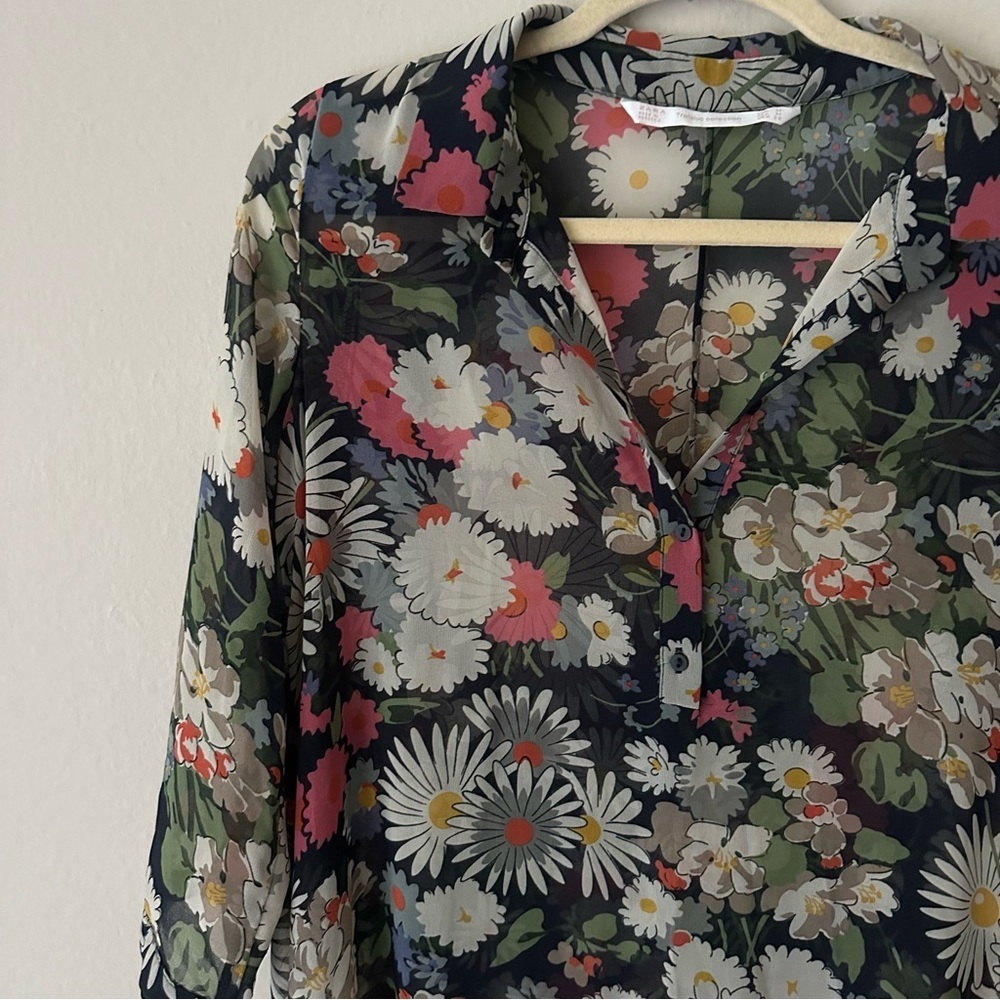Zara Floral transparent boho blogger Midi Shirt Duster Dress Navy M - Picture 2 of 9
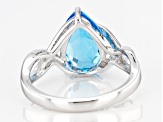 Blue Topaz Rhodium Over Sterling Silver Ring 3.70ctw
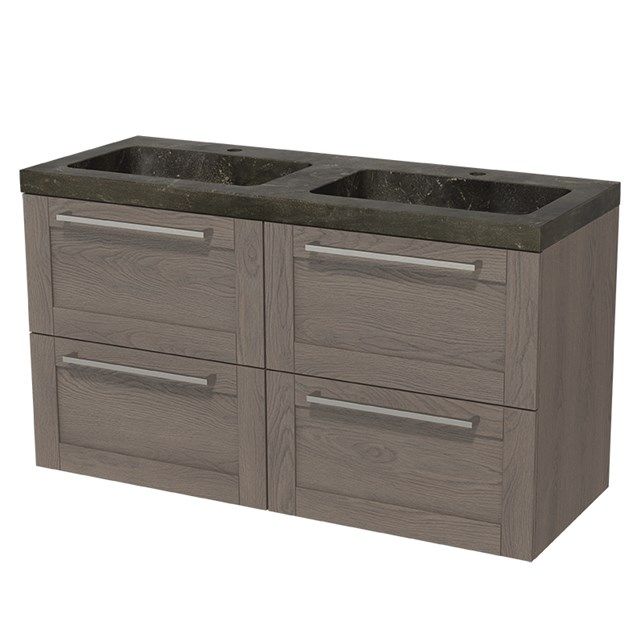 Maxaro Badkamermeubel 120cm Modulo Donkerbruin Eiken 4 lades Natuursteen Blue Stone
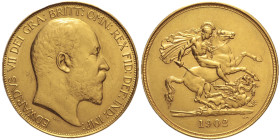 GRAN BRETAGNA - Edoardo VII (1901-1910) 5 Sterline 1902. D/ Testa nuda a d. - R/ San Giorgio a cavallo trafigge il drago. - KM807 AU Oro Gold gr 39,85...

### Exercise description:
Your copy of the data should match it exactly, apart from the images, which are omitted.

### Output of the exercise:
Zara Floral transparent boho blogger Midi Shirt Duster Dress Navy M - Picture 2 of 9
 Blue Topaz Rhodium Over Sterling Silver Ring 3.70ctw
 Maxaro Badkamermeubel 120cm Modulo Donkerbruin Eiken 4 lades Natuursteen Blue Stone
 GRAN BRETAGNA - Edoardo VII (1901-1910) 5 Sterline 1902. D/ Testa nuda a d. - R/ San Giorgio a cavallo trafigge il drago. - KM807 AU Oro Gold gr 39,85...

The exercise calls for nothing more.